Image-text web data:
★ ★ ★ ★
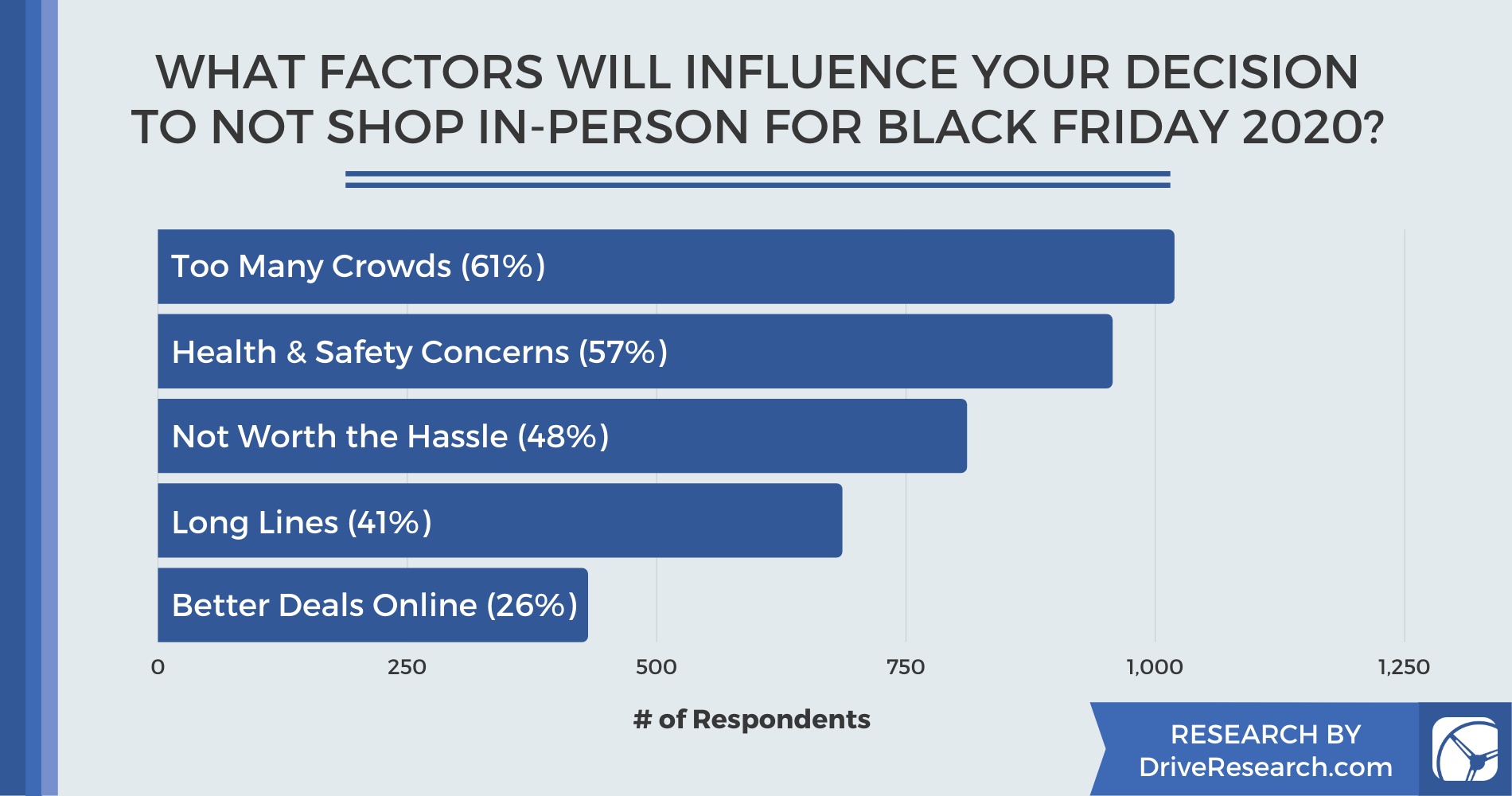Reasons for Not Going Black Friday Shopping In-Person in 2020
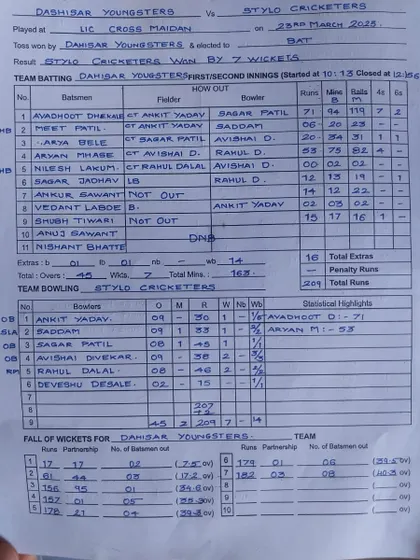 The full scorecard showing both Avadhoot's 71 and Aryan Mhase's 53 in the same match, a great showcase for our batsmen.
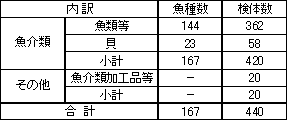 表1　調査対象魚介類等の内訳（平成22年度）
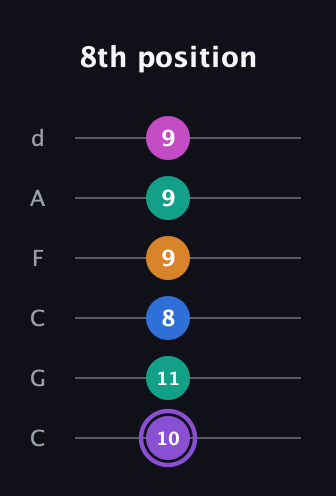 A♯ Augmented 7th Flat 9th guitar tab — 8th position (10 11 8 9 9 9) in Drop C Tuning (CGCFAD)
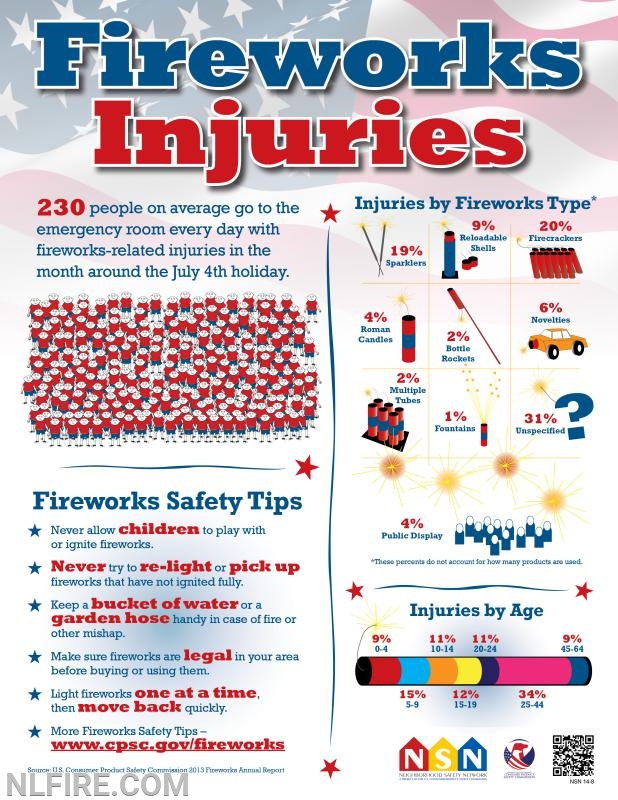 Stay Safe This Fourth of July Firework Safety Tips from the New Lenox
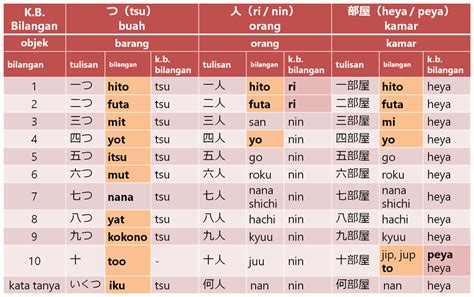 Bilangan Bahasa Jepang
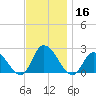 West Creek tide chart for Saturday, November 16, 2024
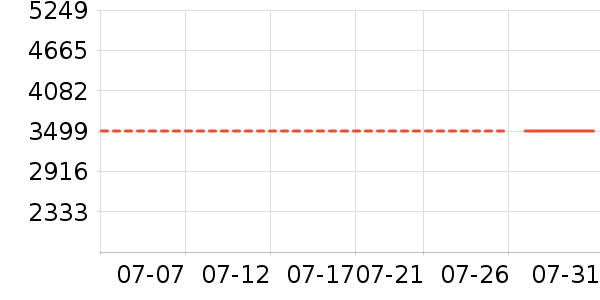 ������ˮ����ʷ�۸�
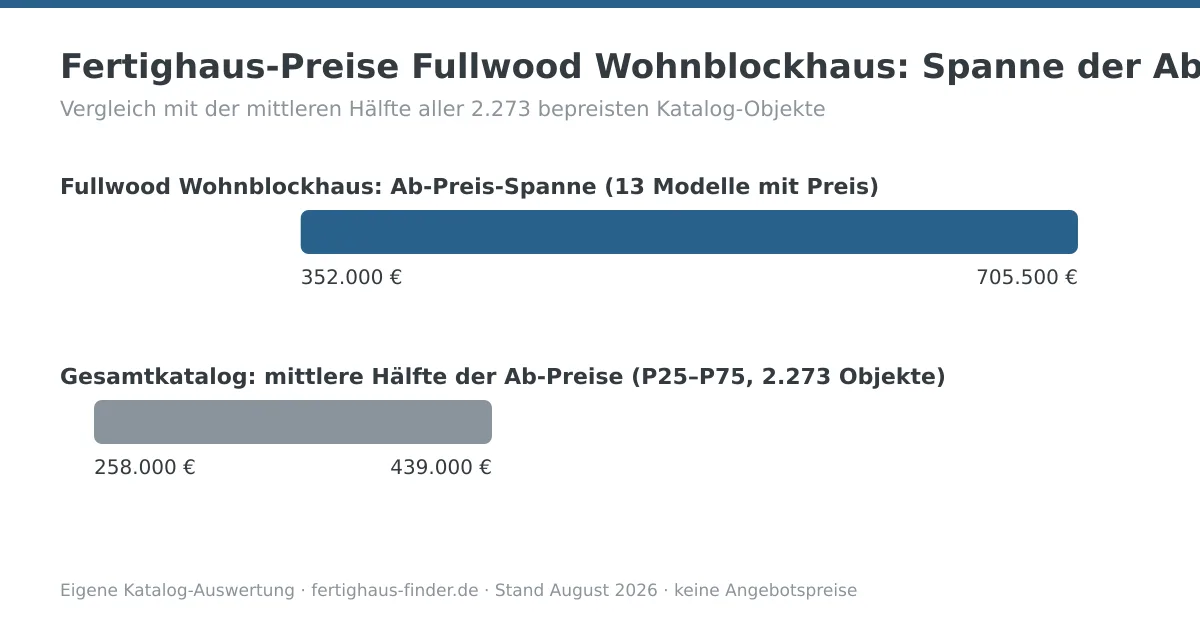 Preisspannen-Diagramm: Fertighaus-Preise von Fullwood Wohnblockhaus zwischen 352.000 und 705.500 Euro, darunter die mittlere Hälfte aller Katalog-Ab-Preise zum Vergleich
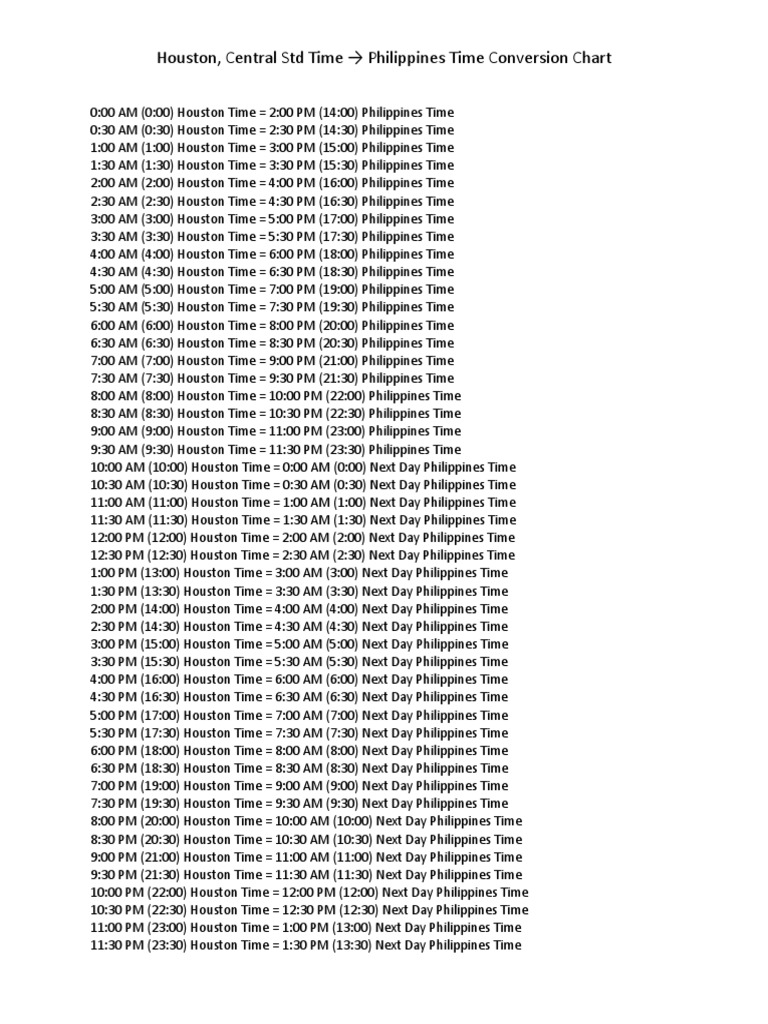 PhilippinesHouston Time Conversion PDF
★ ★ ★ ★
_The problem_: Write out exactly the lines from the line holding "A♯ Augmented 7th" through the last line of the records above, inclusive, and nothing more. Leave out the pictures.

_Result of this exercise_:
 A♯ Augmented 7th Flat 9th guitar tab — 8th position (10 11 8 9 9 9) in Drop C Tuning (CGCFAD)
 Stay Safe This Fourth of July Firework Safety Tips from the New Lenox
 Bilangan Bahasa Jepang
 West Creek tide chart for Saturday, November 16, 2024
 ������ˮ����ʷ�۸�
 Preisspannen-Diagramm: Fertighaus-Preise von Fullwood Wohnblockhaus zwischen 352.000 und 705.500 Euro, darunter die mittlere Hälfte aller Katalog-Ab-Preise zum Vergleich
 PhilippinesHouston Time Conversion PDF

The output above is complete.